Recall in the diagram that   x   is MB so MB = 9  and BN = x+6  so BN = 9+6 = 15.

 

Can you find the length of the segments?  no algebra needed here. 

  Draw the segment and the points.  You will use add, subtract or divide!

 

 A_________________B__________C__________D__________________E

 

Pretend the above is segment AE with 5 points labeled on it.  The above is NOT drawn to scale! 

There are infinitely many points on a line; we label a few of them.

You cannot measure it, nor use a ruler.  You must use the information that I give you to decide the measurements.

 

Let AB= 9 cm and let AE = 22 cm  and also know that AB=ED.   How long is segment BD?    22-9 -9 = 4 cm.

How long is BC if BC=CD?    Oh do you see that means C must be midpoint of BD?   Thus BC is half of BD.   BC = 2cm.

Highlight the brown boxes so you can see the answers.

 

You will need to know one more definition!

         "Co-or-di-nates" are what we call the numbers on our number lines.

 You will see some number lines in the problems below.   

Write the word Coordinates in your Geometry Collection.


Here is a math site that would like you to join, but do not do that.   Take notes and  write your answers.

  1. Just click on the GEOMETRY class on that page and then you can complete the FREE Practice  questions.  
  2. On the Geometry page for segments and rays follow the numbered steps on left side of page.  YOu can click  INSTRUCTION or Practice or BONUS or TEST.  Choose the one you want to do and then begin by clicking the 1.  First click INSTRUCTION and then choose a number. The NUMBERed steps give you videos to watch if you do not understand well the rays, segments, and length of segments.  OR click Practice or Bonus or TEST.   For each one you then choose the numbers and follow the directions.    I want you to do TEST.  If you are ready then click TEST and then read the first question.
  3. When click TEST then you will see the first question on the right side. READ it.
  4. Click ANSWERS Choices when you are ready to answer the question.  
  5. Then choose A, B, C , or D and you will be told if that is correct or not. 

Complete ALL the TEST QUESTIONS. So click number 2 now and finish them all.   This is for you to practice the SEGMENTS and RAYS skills.   I want you to really work hard on these, and if you find one that you just cannot figure out then please SEND IT TO ME.   You can take a screenshot.

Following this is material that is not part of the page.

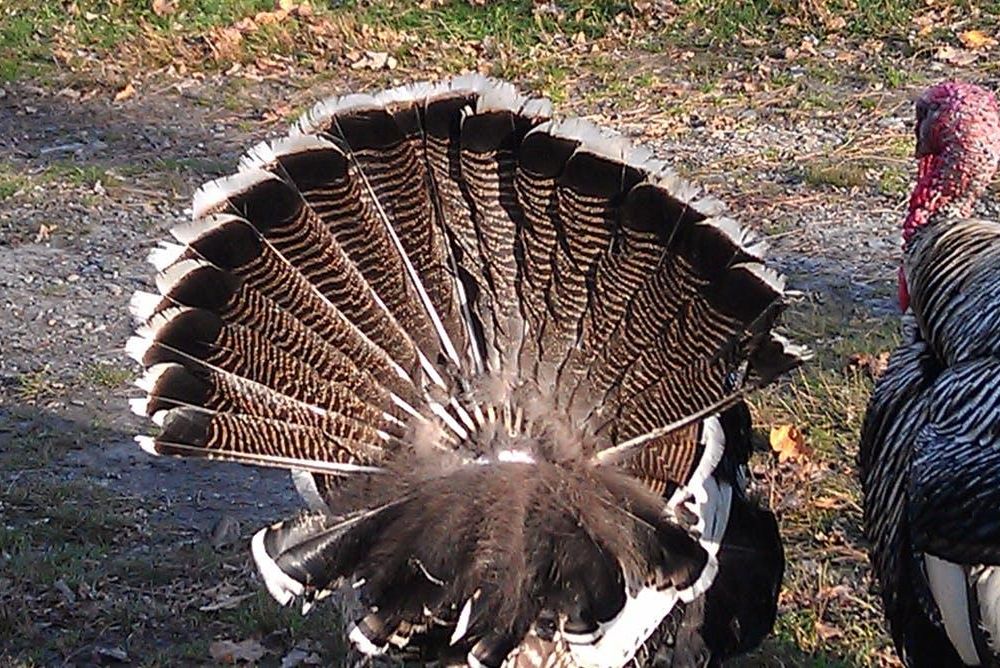 Why Don't We Eat Turkey Tails? | Arts & Culture| Smithsonian Magazine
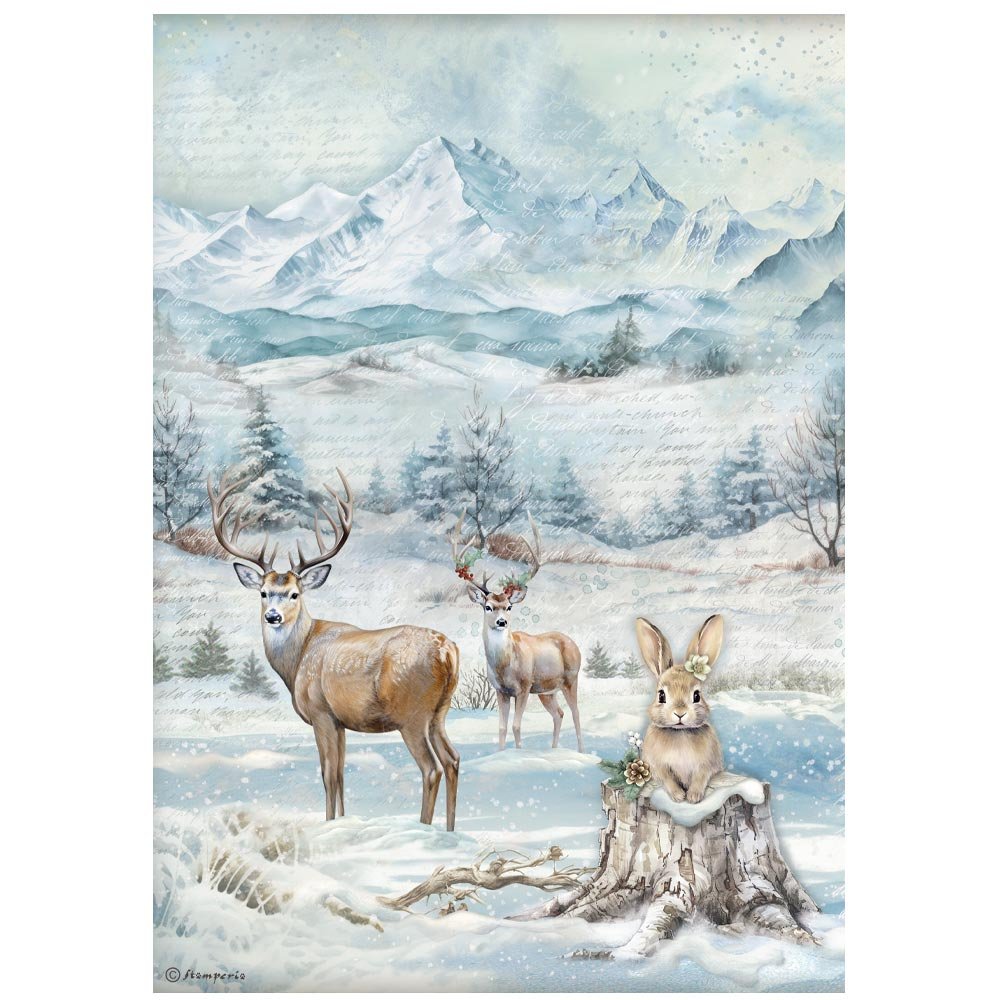 Stamperia - The Owl's House - A4 Rice Paper - Wildlife - DFSA41055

       You must choose reset and complete 5 more questions if you miss 1 out of 5.  If you miss none then you can stop if you wish.

 

                  PRACTICE QUESTIONS for SEGMENTS AND RAYS

 

HERE are 2 GAMES THAT WILL HELP YOU know how well you know the CONCEPTS.  

PLAY them MORE THAN ONCE;  PLAY  them  UNTIL  YOU CAN earn the $1 million dollars.  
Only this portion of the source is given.